The cost to develop an estate plan varies based on several factors. These include the complexity of your needs, who you hire, and even where you live. Here’s a detailed look at each:

  • Project complexity. What you want to accomplish plays heavily into the cost of your estate plan. For example, hiring someone just write a will may only cost around $500. However, including other documents, such as directives and trust can drive the price way up.
  • Who you hire. Building a proper estate plan can take several experts, or it may only need one, such as an attorney. Employing more professionals will cost you more, but it may be necessary for what you want to accomplish.
  • Where you live. Your location can impact the cost to hire a planner. For instance, big cities often have pricier attorneys than rural areas.

Frequently Asked Questions

What is the role of an executor in estate planning?
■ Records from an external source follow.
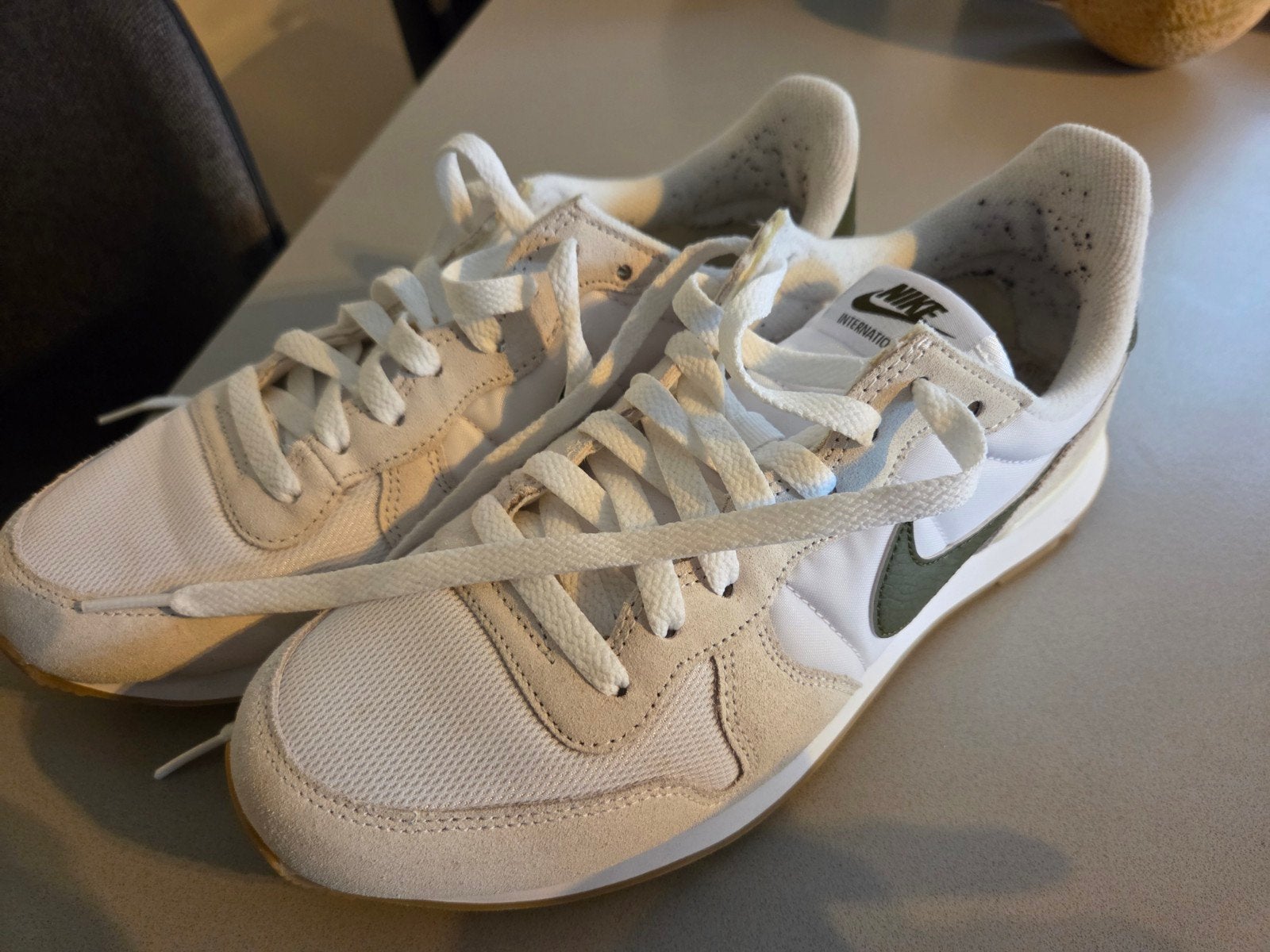 Nike Internationalist Dames Sneakers -  Maat 40.5-  Wit/Donk, Kleding | Dames, Wit, Nike, Ophalen of Verzenden, Sneakers of Gympen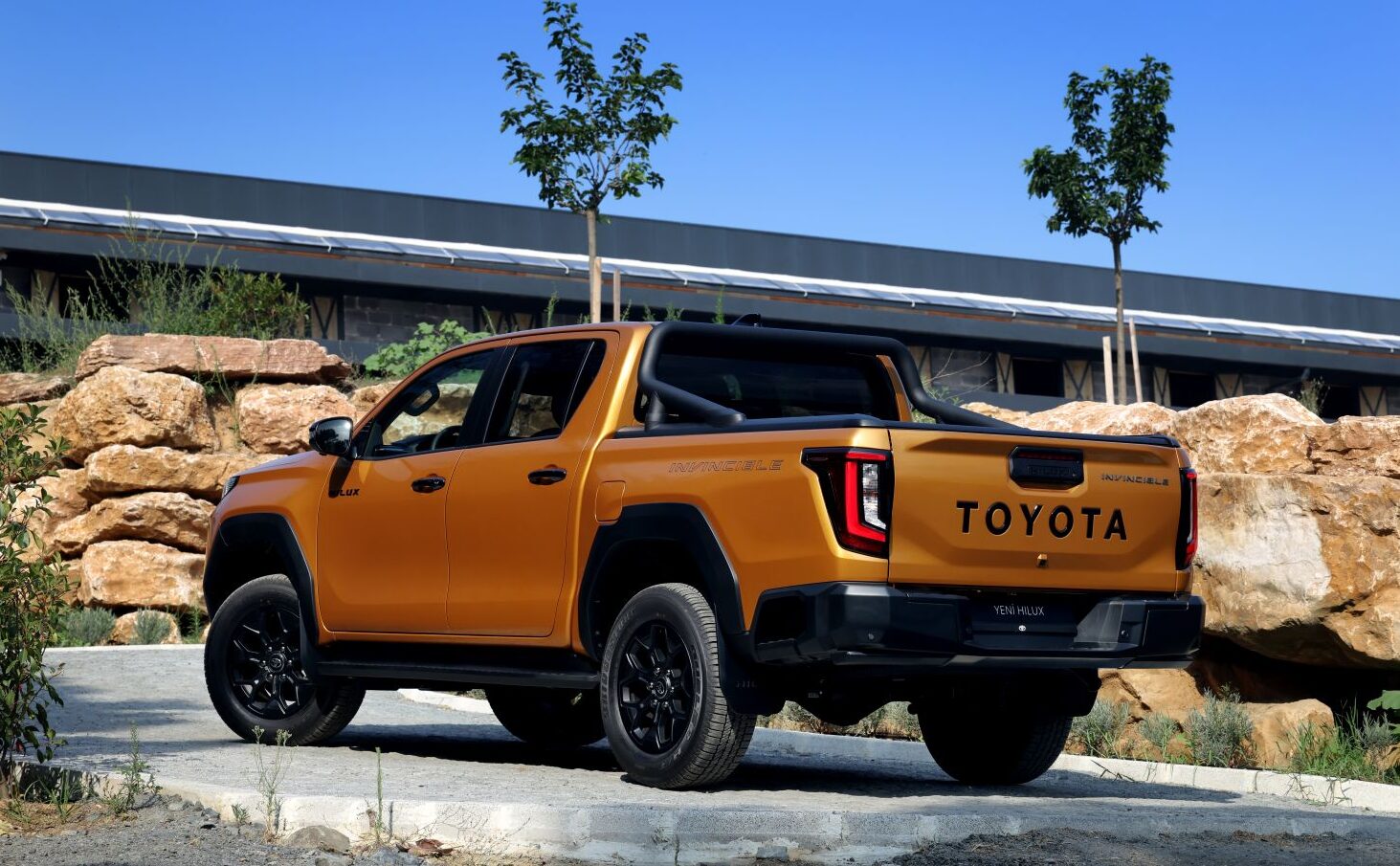 Nesil farklı ‘efsane’ aynı: Toyota Hilux
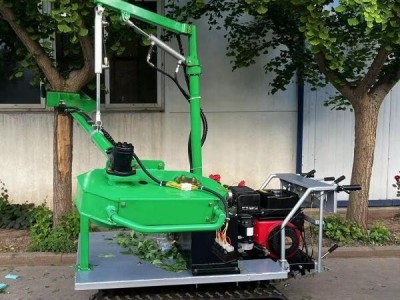 Crawler self-propelled fruit picking vibration shaking machine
An executor is a person who is responsible for carrying out your wishes, such as distributing assets and paying debts. They also have a fiduciary duty, which means they must act in the best interest of the estate.

Are planning fees tax deductible?

No, they’re not. Due to the Tax Cuts and Jobs Act of 2018, financial advising and legal fees are no longer tax deductible.

Can I do my own estate planning?

Yes, you can. However, it may not be the best idea if you want everything done as advantageously as possible. There may be laws or ways to save money that you don’t know about. Plus, having a second pair of eyes will help you avoid potential mistakes.

How do I select an executor?

This is a tough but important choice. It’s wise to choose someone you trust will follow through with your wishes, such as a child, close friend, or sibling. Also, consider choosing someone on the younger side, so there’s no risk that they’ll be medically unfit to carry out the estate.